Please restate word for word all lines from the one containing "مخاوف التطبيع مع" to the final line of the entries, and include no pictures.

··· Task data

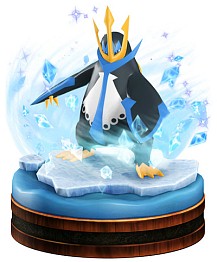 ���������꡼ No.015�Υ���ͥ������ / �֥ݥ���󥳥ޥ������ץ���ƥ��ʤ䥴�����Ȥʤɡ��������ȥ����פΥե����奢�����о졣�֥������饤�פ����������ָ��ꥤ�٥�Ȥ⥹������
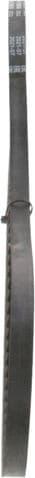 V-Belt 1987947504 - image 8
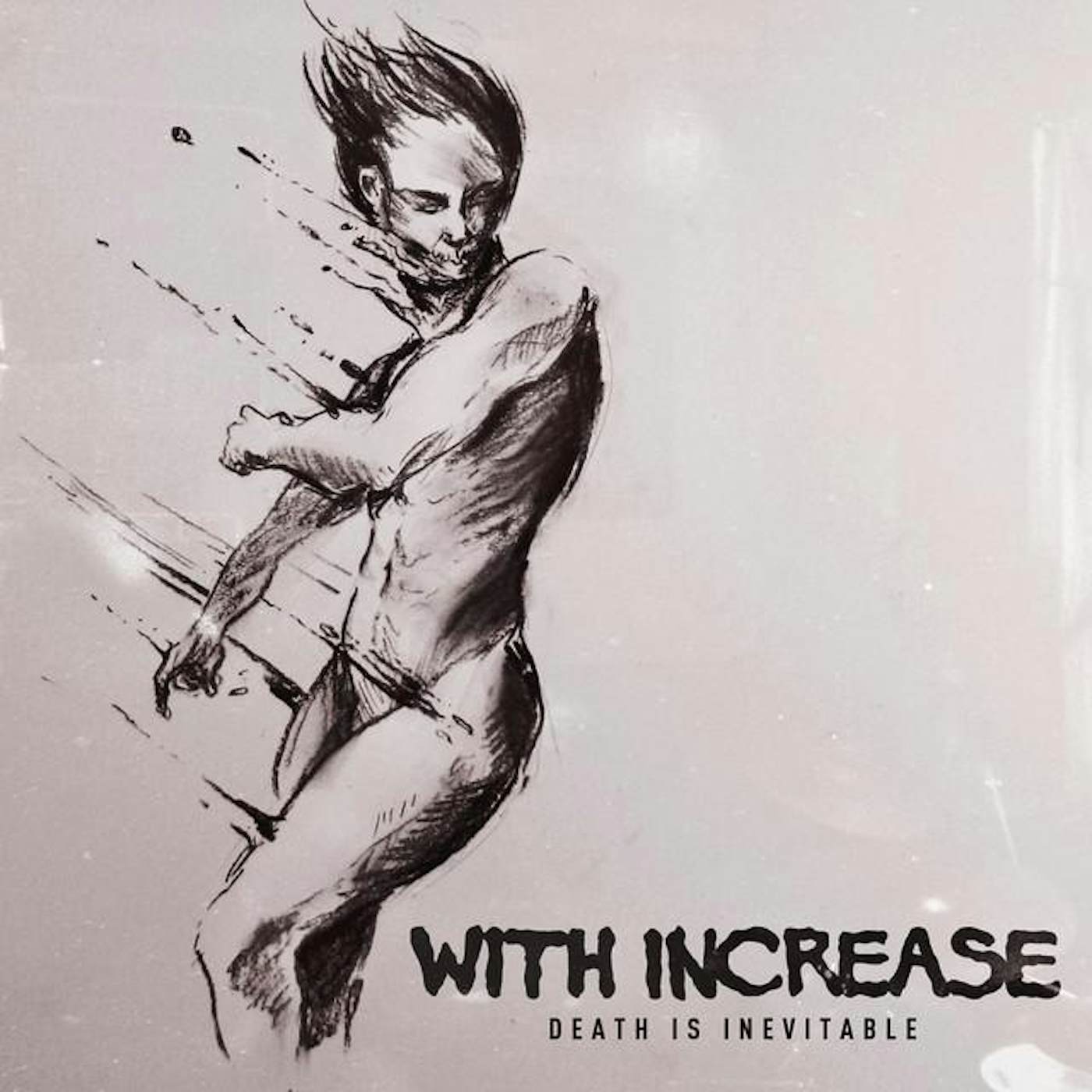 With Increase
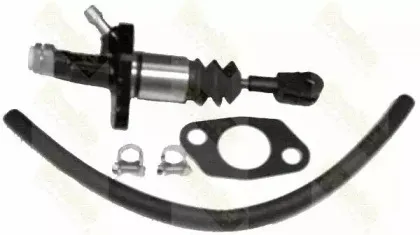 Главный цилиндр, система сцепления Brake ENGINEERING купить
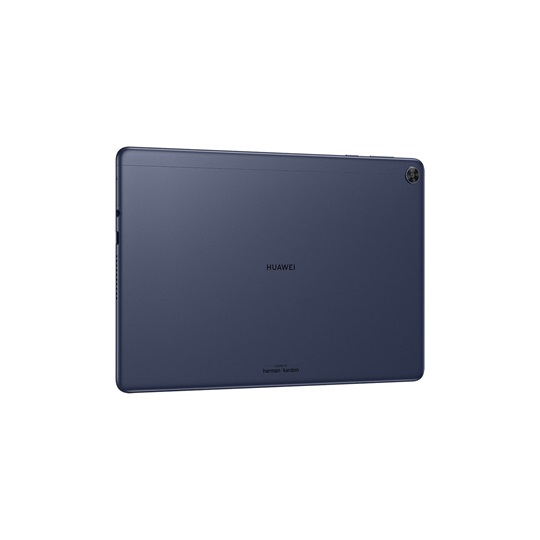 MATEPAD T10S 4/128GB WIFI, BLUE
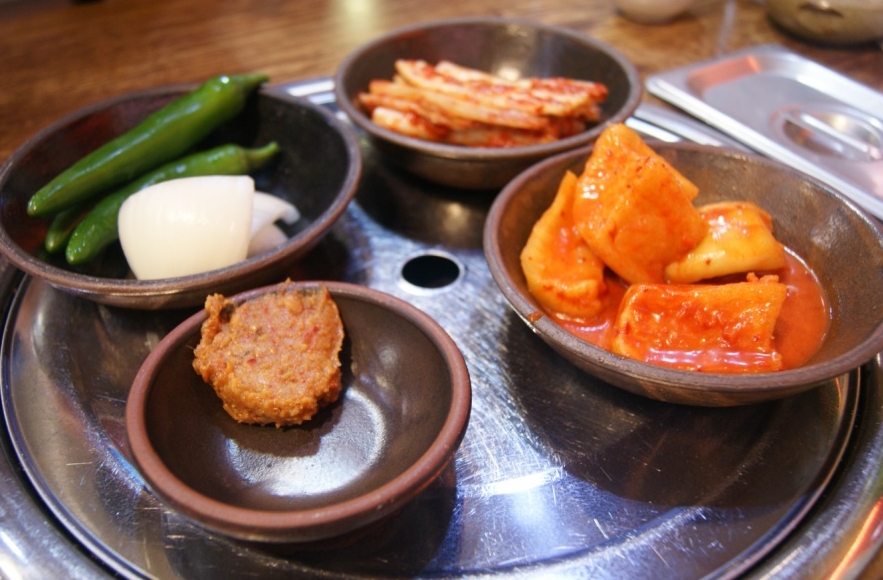 서브2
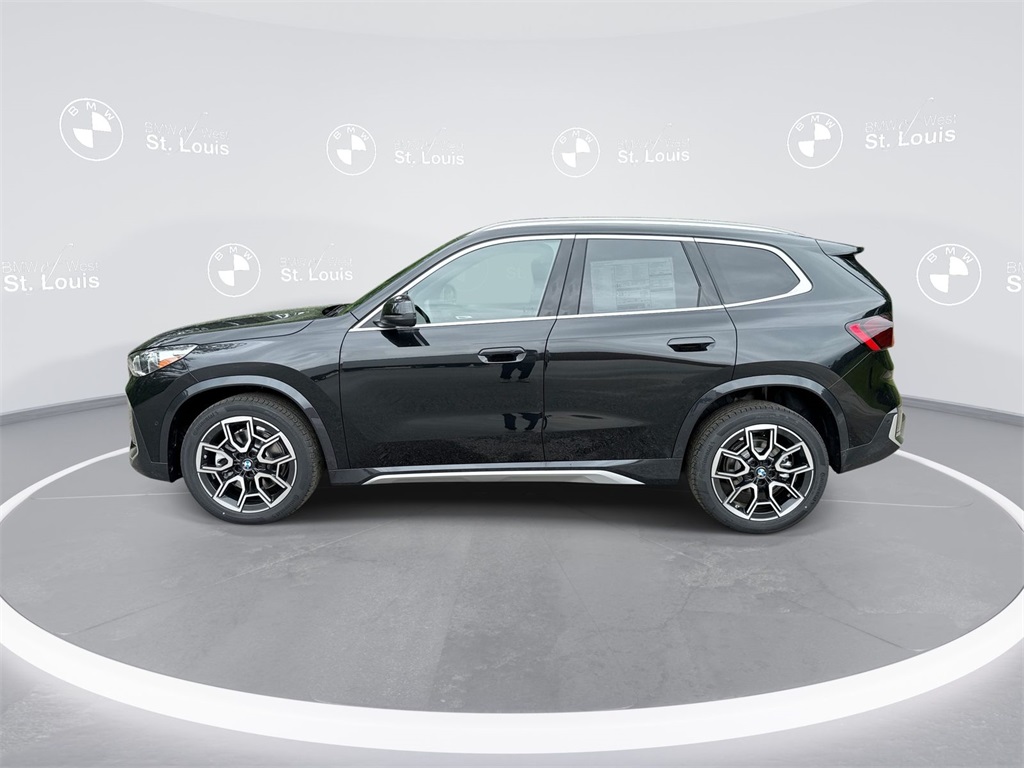 X1 xDrive28i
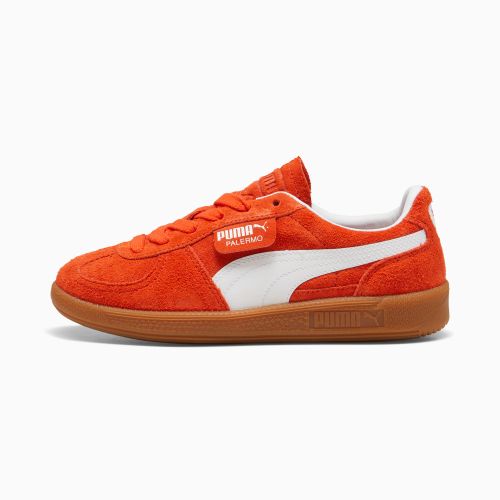 Palermo Sneakers Teenager Schuhe Für Herren, /, Größe: 35.5, Schuhe - PUMA - Modalova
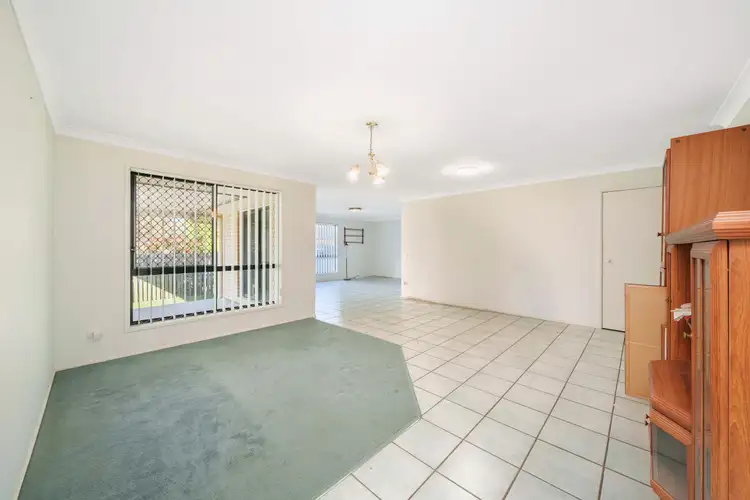 Sixth view of Homely house listing, 11A Tilley Street, Redcliffe QLD 4020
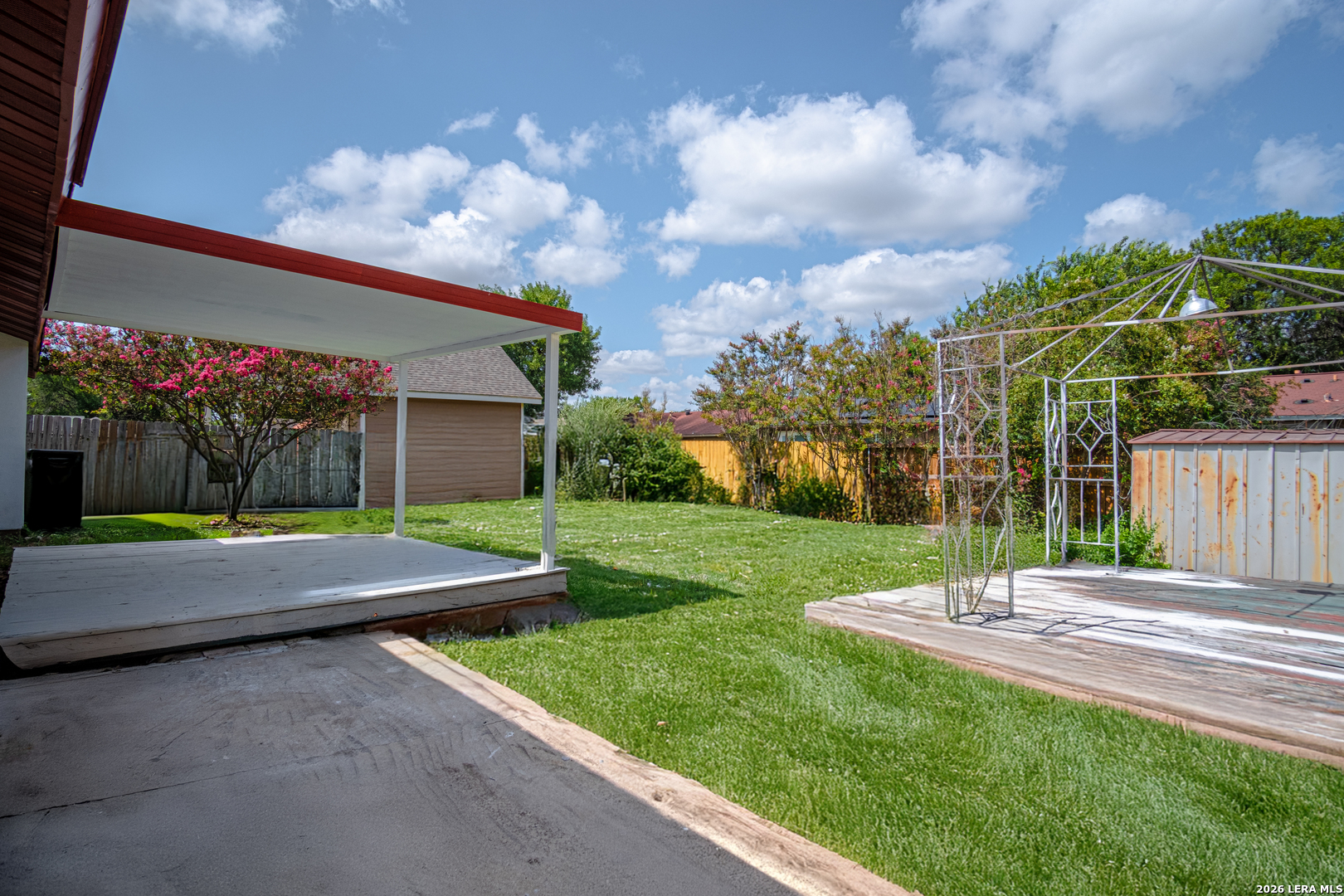 8951 Bowline San Antonio TX 78242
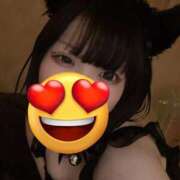 ヒメ日記 2026/03/10 17:06 投稿 まこと One More奥様　町田相模原店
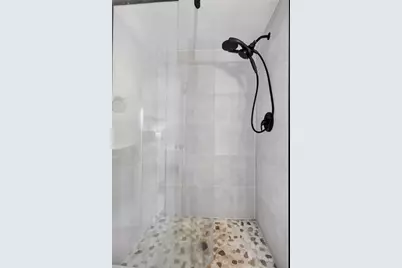 5511 Lakeside Drive #202, Margate, FL 33063 - Photo 7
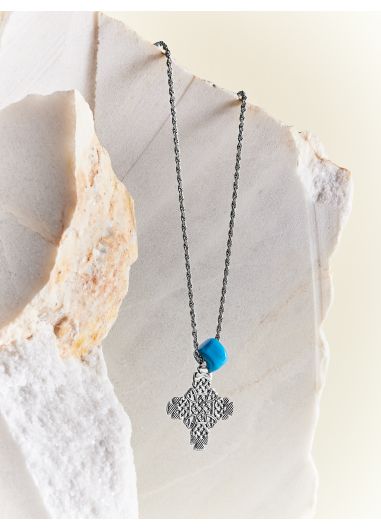 Product Image: AVALON SILVER
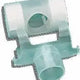 Gibeck Trach-Vent Tracheostomy Vent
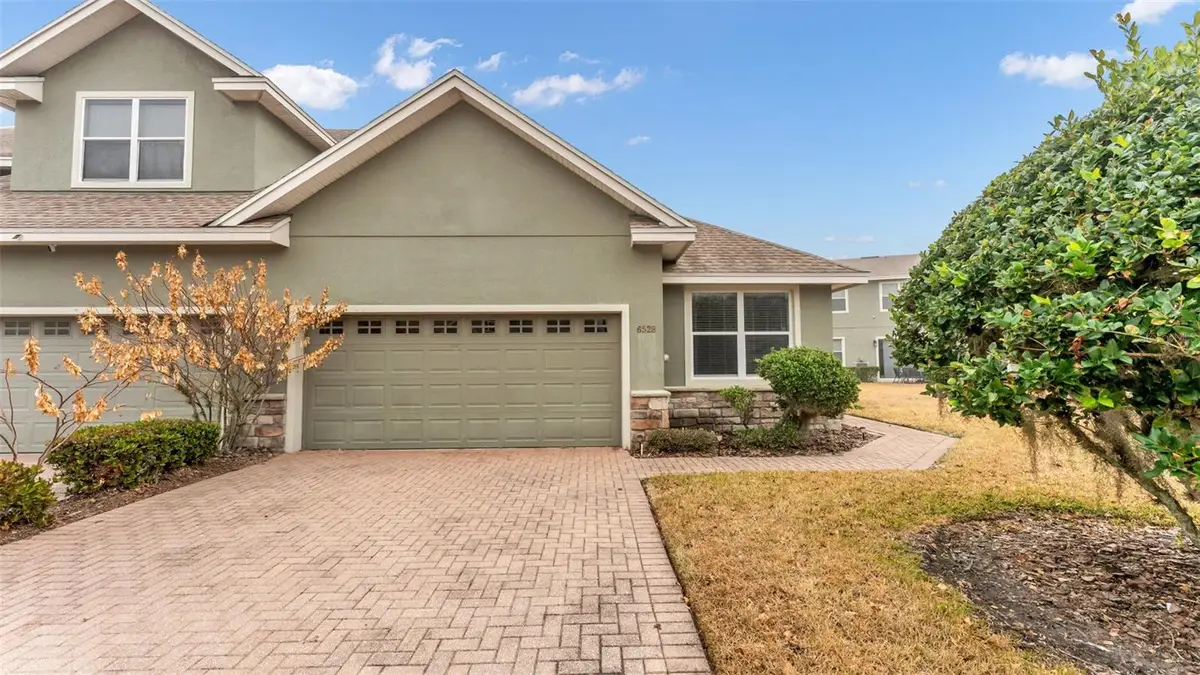 6528 Sedgeford Drive, Lakeland, FL 33811 - #1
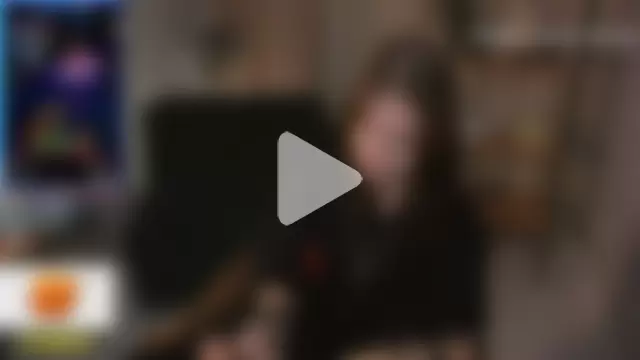 Dilara_xBaby photo 20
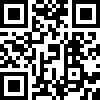 https://ru.abna24.com/x3JSb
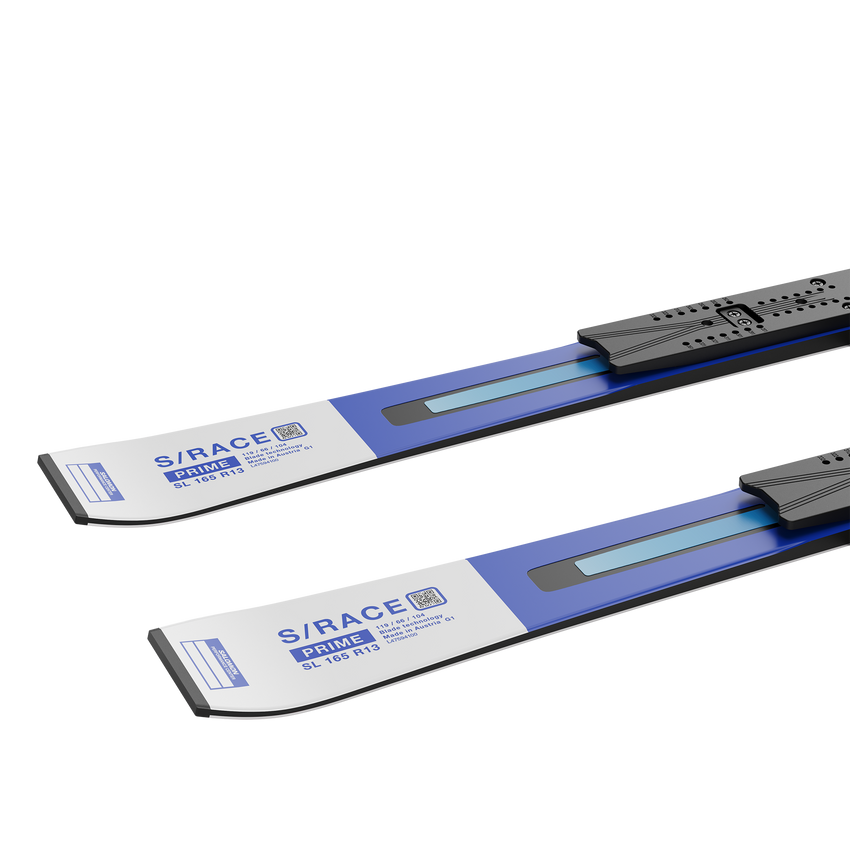 S/RACE PRIME SL 165 12m – サロモン公式オンラインストア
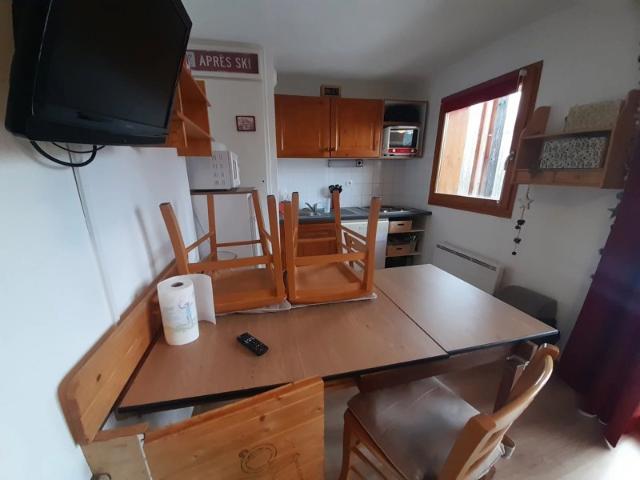 Appartement vente à Gap, Provence-Alpes-Côte d'Azur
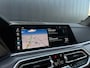 BMW X5 XDrive45e High Executive | Luchtvering | Pano | Memory Seats | HuD | ACC | Trekhaak |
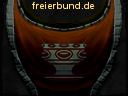 tabbard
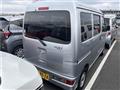 2021 Daihatsu Hijet Cargo
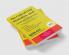 The Code of Civil Procedure 1908 (Bare Act)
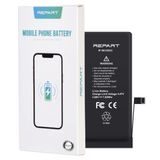 Baterie REPART pro iPhone SE (2022)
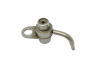 Eļļas izsmidzinātājs 9802048880 Citroen Peugeot Ford 2.0 BlueHDI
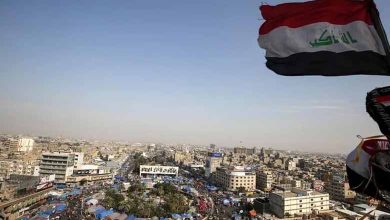 مخاوف التطبيع مع إسرائيل: عندما يقود الهوس سياسة العراق (3)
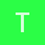 Teta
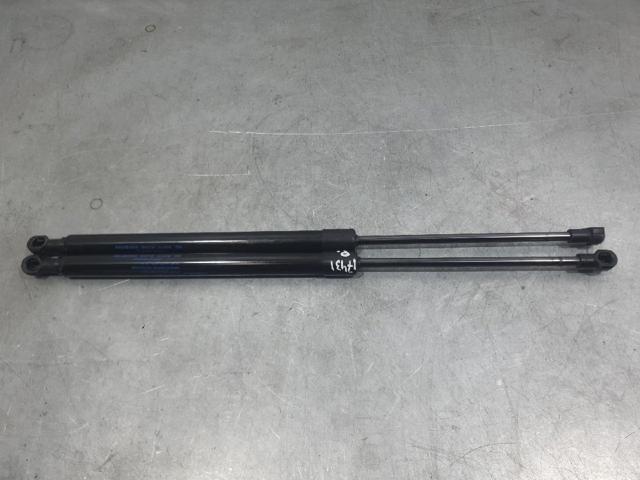 904505FA1A Nissan/Infiniti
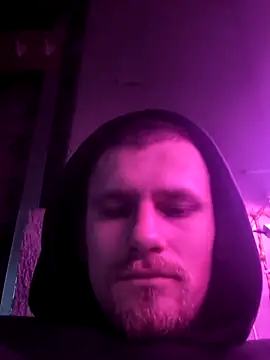 Boysex227 online show from 27, 5, 2026
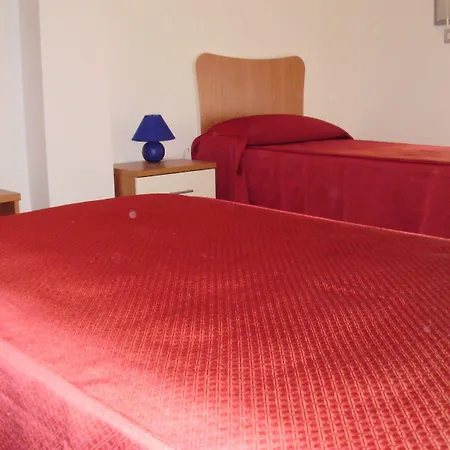 Homiday - Rendez Vous Aparthotel 3*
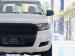 Ford Ranger 2.2TDCi Hi-Rider XL auto - Thumbnail 6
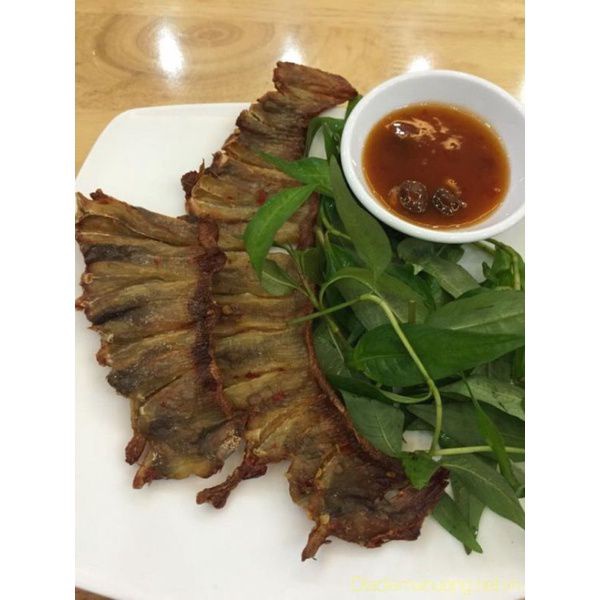 khô cá đuối | BigBuy360 - bigbuy360.vn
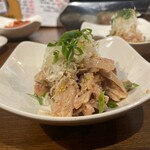 ホルモン えにし - 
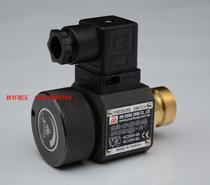 Taiwan JUN CHUNG JUN Quanxing pressure relay JC-JCD-02S-1 pressure switch low pressure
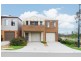 107 Ian Nicol Street, Watson ACT 2602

······

» Task response
 مخاوف التطبيع مع إسرائيل: عندما يقود الهوس سياسة العراق (3)
 Teta
 904505FA1A Nissan/Infiniti
 Boysex227 online show from 27, 5, 2026
 Homiday - Rendez Vous Aparthotel 3*
 Ford Ranger 2.2TDCi Hi-Rider XL auto - Thumbnail 6
 khô cá đuối | BigBuy360 - bigbuy360.vn
 ホルモン えにし - 
 Taiwan JUN CHUNG JUN Quanxing pressure relay JC-JCD-02S-1 pressure switch low pressure
 107 Ian Nicol Street, Watson ACT 2602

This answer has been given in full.